Within the lines below, the span from the line with "Cebule krokus Verve mix 40 szt." to the line with "Autumn in Srinagar", both ends included, is to be reproduced exactly, with pictures omitted.

» **Provided information**:
▶
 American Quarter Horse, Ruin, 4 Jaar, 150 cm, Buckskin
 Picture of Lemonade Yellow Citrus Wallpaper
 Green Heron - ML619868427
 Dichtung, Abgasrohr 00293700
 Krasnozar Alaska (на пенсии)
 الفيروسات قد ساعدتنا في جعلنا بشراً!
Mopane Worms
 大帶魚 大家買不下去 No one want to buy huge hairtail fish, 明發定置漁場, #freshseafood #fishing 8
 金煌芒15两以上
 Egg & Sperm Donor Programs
◀
▶
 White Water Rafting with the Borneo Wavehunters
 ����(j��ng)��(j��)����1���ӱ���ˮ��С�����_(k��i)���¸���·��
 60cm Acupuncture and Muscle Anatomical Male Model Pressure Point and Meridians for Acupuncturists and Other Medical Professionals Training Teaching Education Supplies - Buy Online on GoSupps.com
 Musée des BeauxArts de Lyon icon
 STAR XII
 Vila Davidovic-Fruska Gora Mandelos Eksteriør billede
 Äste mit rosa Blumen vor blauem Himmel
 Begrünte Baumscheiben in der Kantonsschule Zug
◀
▶
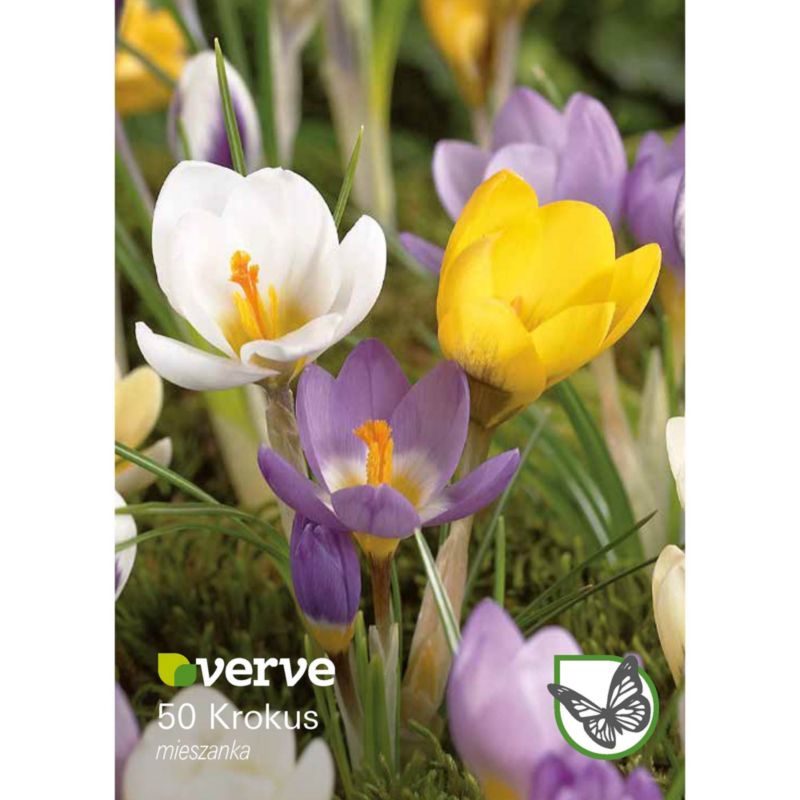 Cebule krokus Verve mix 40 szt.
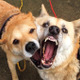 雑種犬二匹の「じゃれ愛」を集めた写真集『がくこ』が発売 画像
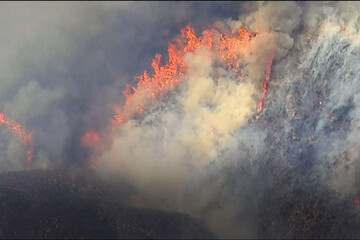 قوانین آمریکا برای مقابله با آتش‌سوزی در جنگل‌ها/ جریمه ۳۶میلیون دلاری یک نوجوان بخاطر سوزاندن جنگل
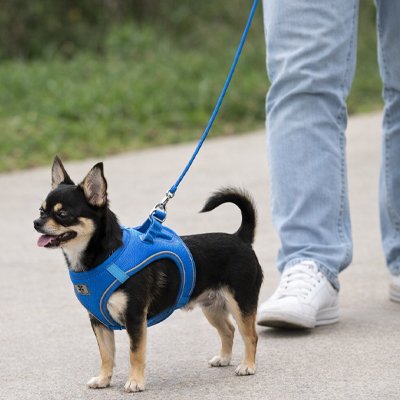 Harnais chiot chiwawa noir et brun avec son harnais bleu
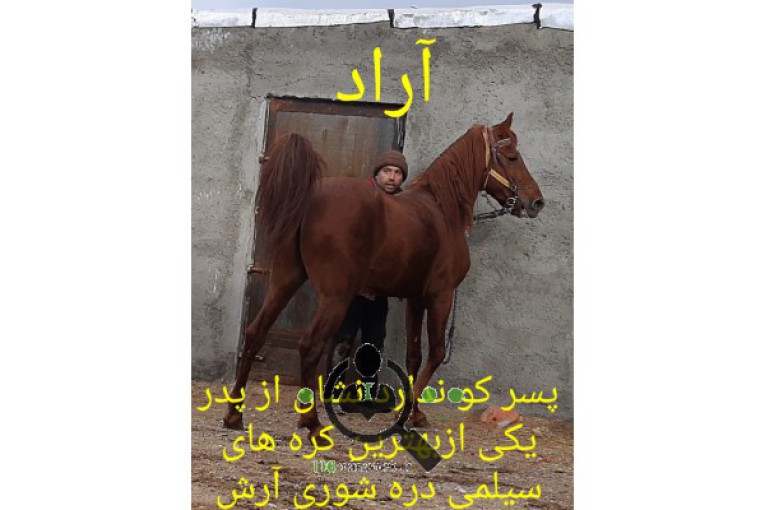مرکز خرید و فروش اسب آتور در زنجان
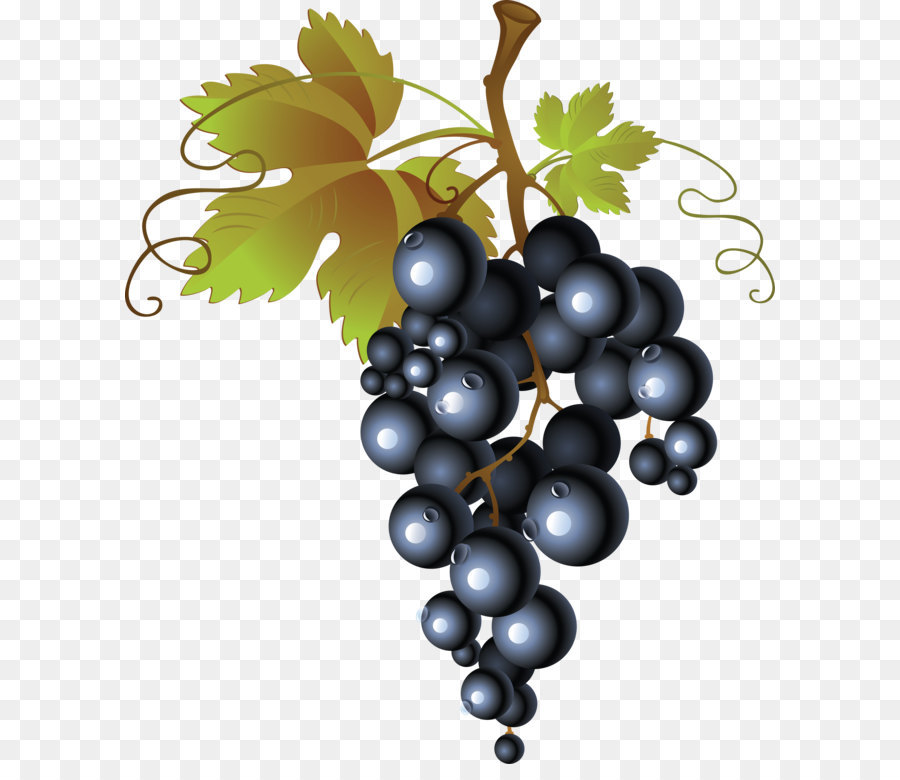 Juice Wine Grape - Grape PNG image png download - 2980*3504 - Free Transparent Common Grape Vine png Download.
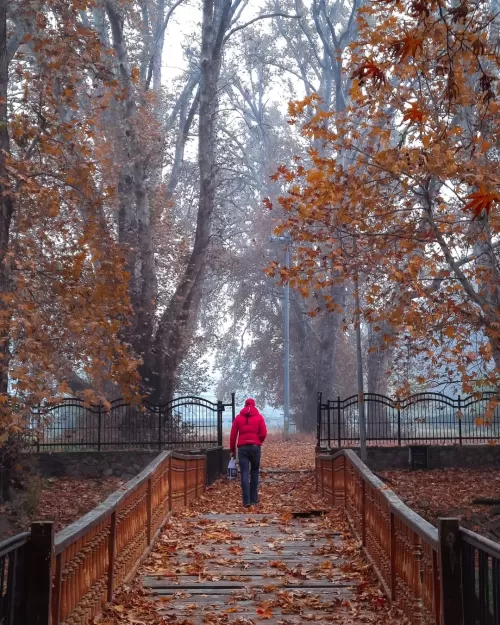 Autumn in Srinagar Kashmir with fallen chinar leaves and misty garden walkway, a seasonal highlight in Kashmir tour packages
◀
» **Output for this task**:
 Cebule krokus Verve mix 40 szt.
 雑種犬二匹の「じゃれ愛」を集めた写真集『がくこ』が発売 画像
 قوانین آمریکا برای مقابله با آتش‌سوزی در جنگل‌ها/ جریمه ۳۶میلیون دلاری یک نوجوان بخاطر سوزاندن جنگل
 Harnais chiot chiwawa noir et brun avec son harnais bleu
مرکز خرید و فروش اسب آتور در زنجان
 Juice Wine Grape - Grape PNG image png download - 2980*3504 - Free Transparent Common Grape Vine png Download.
 Autumn in Srinagar Kashmir with fallen chinar leaves and misty garden walkway, a seasonal highlight in Kashmir tour packages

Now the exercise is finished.